Well before the ETBS had the epiphany that they were living in a Moment in Time, several of the core members spent the late eighties studying at Brown's 'Modern Culture and Media' department. On cold nights when he didn't want to make the trek back to his off-campus house, Butterworth would crash on the couch of Johnson, who played with him in a band called the Lenny Kravitz ("Someone came up to us after one show and said, 'Dude! You know, there's a singer named Lenny Kravitz, too!" laughs Johnson). Some of their other college pals included Griscom, Johnsons's childhood pal from D.C. prep school St. Albans; Tribe, son of Harvard Law School professor Laurence Tribe; Funny Garbage co-owner J. J. Gifford; Feed contributor and novelist Sam Lipsyte; and co-founder Esther Drill. "Continental philosophy, semiotics, whatever you want to call it, prepared us well for the digital economy," says Griscom. "We were comfortable with new lexicons -- used both to intimidate and explain -- and we were naturally suspicious of systems of power commonly assumed to be irreplaceable."

After diving into cultural studies when everyone else was pre-law, they became slackers -- not in a lazy way but in a do-it-yourself kind of way -- back when ambition was still the way of the world. "Anyone with half a brain who graduated when we did wouldn't have wanted to be part of that Bright Lights, Big City asshole-bankers-in-power-ties scene," says Tribe. "And when we graduated, it was that or nothing." So they chose nothing: Butterworth stayed in Providence to play bass for an arty punk band fronted by Lipsyte, Tribe tried art school in San Diego, and Johnson enrolled and then dropped out of Columbia's English literature Ph.D. program. Griscom followed a girlfriend down to Little Rock, Arkansas, where he worked in data entry and designed T-shirts he sold through an ad in The New Republic. "They had philosophical quotes, like Cicero's 'He does not seem to me to be a free man who does not sometimes do nothing.' " Tall and convivial, Griscom snorts at his folly. "I mean, who's going to buy that shirt? That's a triple negative." He was even featured in a local paper's Gen-X story: "I rattled off my little slacker screed," he says, shaking his head. "I believe one of my quotes found its way into the lead -- 'Ambition is a form of vanity.' "

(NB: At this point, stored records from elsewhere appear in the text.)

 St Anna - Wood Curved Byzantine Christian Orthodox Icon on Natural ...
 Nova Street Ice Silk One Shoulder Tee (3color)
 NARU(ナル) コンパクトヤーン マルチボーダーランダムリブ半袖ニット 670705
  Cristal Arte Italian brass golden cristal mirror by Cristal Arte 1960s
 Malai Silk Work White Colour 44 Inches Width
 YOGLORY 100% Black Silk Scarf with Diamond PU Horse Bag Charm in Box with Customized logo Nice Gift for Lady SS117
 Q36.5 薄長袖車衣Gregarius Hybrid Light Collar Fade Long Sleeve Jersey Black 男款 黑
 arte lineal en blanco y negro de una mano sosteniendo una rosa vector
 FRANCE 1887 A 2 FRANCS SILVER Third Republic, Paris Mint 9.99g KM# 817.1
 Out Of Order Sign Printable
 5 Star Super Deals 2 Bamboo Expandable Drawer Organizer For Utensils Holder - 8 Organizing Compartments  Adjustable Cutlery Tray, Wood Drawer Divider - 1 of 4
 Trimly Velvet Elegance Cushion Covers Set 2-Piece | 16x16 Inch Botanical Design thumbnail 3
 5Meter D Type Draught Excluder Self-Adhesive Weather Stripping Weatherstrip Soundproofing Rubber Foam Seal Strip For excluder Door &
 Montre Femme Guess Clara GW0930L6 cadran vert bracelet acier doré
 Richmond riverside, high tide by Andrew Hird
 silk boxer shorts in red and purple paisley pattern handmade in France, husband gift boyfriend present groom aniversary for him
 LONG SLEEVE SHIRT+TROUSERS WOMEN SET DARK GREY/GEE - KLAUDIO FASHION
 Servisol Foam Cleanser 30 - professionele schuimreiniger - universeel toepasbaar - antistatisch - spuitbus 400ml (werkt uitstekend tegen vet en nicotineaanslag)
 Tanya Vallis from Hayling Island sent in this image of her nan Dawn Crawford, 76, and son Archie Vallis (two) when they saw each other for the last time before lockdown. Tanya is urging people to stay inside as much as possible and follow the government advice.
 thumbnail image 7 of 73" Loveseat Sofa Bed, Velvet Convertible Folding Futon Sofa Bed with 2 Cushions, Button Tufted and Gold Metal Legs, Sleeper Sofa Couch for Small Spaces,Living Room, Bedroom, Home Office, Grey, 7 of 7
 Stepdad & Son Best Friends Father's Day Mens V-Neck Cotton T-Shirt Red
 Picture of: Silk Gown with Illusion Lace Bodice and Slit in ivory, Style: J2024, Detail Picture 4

After a respectable period of early-twenties indirection, the Brown clan all found their way to New York, where they began to mix with the pierced programmers and HTML installation artists starting to set up shop around Broadway in Greenwich Village and the Flatiron district. Butterworth met Odes through his girlfriend, who studied with her at the Art Institute of Chicago. Odes met Kanarick when she took a course he taught at NYU's Interactive Telecommunications Program. Kanarick met Levy at an event Echo founder Stacy Horn threw at P.S. 122. Levy met Bowe on Echo, Horn's influential electronic bulletin board, before they even saw each other in person. "We bonded over being punk-rock techie girls," says Bowe, "the only girls out there who loved nothing more than to be alone and online all night -- especially when drunk."